> Work to be completed
The following data has a line with "Outer Door Pull" and a line with "98 Persen Penduduk". Write out exactly those lines and all the lines between them.

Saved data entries
******************************
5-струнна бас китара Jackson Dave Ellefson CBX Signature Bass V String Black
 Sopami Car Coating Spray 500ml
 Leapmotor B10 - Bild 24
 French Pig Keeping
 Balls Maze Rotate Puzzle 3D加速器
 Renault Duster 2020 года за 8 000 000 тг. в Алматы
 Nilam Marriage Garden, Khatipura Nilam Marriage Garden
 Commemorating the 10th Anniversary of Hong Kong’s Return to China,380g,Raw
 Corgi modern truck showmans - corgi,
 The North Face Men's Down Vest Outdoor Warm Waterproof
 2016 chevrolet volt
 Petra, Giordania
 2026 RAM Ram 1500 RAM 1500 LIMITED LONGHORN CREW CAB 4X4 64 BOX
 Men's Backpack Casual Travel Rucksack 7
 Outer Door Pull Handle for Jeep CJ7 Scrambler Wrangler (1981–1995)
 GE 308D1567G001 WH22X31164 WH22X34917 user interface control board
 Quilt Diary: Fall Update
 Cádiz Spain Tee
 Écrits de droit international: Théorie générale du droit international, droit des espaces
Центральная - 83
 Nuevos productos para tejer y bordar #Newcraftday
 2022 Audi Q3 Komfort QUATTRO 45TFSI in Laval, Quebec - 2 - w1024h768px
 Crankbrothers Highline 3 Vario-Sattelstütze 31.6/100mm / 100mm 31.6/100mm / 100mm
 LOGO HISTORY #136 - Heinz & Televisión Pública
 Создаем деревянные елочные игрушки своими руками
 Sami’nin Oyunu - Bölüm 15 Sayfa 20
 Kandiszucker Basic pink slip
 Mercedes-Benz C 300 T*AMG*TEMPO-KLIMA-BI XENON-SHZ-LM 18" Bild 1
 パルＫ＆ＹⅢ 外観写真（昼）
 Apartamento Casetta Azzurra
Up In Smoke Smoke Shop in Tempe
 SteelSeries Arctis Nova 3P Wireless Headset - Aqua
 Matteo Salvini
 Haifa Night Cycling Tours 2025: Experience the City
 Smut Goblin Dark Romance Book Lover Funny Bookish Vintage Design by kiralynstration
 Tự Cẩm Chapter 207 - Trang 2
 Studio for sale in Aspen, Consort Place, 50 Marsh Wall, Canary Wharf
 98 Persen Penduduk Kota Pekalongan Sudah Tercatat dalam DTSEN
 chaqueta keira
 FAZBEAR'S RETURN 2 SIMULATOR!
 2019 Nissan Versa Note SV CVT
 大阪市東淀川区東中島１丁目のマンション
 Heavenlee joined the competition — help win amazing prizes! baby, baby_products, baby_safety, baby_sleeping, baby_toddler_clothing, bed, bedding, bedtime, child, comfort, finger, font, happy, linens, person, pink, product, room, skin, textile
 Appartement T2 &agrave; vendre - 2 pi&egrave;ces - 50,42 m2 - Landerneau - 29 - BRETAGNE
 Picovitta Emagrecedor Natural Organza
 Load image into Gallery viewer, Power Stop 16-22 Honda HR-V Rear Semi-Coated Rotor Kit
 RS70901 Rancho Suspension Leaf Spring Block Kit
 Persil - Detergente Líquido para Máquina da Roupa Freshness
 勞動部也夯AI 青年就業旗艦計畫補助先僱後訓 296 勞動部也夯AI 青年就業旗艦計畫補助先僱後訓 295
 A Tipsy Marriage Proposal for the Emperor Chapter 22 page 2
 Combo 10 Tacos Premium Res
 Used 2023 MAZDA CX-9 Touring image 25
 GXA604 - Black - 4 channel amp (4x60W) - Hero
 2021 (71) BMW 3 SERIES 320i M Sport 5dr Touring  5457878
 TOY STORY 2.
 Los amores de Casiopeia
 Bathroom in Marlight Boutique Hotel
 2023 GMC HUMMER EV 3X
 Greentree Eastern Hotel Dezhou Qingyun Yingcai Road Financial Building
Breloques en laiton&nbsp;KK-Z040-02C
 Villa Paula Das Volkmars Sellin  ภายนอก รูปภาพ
******************************
> Task result
 Outer Door Pull Handle for Jeep CJ7 Scrambler Wrangler (1981–1995)
 GE 308D1567G001 WH22X31164 WH22X34917 user interface control board
 Quilt Diary: Fall Update
 Cádiz Spain Tee
 Écrits de droit international: Théorie générale du droit international, droit des espaces
Центральная - 83
 Nuevos productos para tejer y bordar #Newcraftday
 2022 Audi Q3 Komfort QUATTRO 45TFSI in Laval, Quebec - 2 - w1024h768px
 Crankbrothers Highline 3 Vario-Sattelstütze 31.6/100mm / 100mm 31.6/100mm / 100mm
 LOGO HISTORY #136 - Heinz & Televisión Pública
 Создаем деревянные елочные игрушки своими руками
 Sami’nin Oyunu - Bölüm 15 Sayfa 20
 Kandiszucker Basic pink slip
 Mercedes-Benz C 300 T*AMG*TEMPO-KLIMA-BI XENON-SHZ-LM 18" Bild 1
 パルＫ＆ＹⅢ 外観写真（昼）
 Apartamento Casetta Azzurra
Up In Smoke Smoke Shop in Tempe
 SteelSeries Arctis Nova 3P Wireless Headset - Aqua
 Matteo Salvini
 Haifa Night Cycling Tours 2025: Experience the City
 Smut Goblin Dark Romance Book Lover Funny Bookish Vintage Design by kiralynstration
 Tự Cẩm Chapter 207 - Trang 2
 Studio for sale in Aspen, Consort Place, 50 Marsh Wall, Canary Wharf
 98 Persen Penduduk Kota Pekalongan Sudah Tercatat dalam DTSEN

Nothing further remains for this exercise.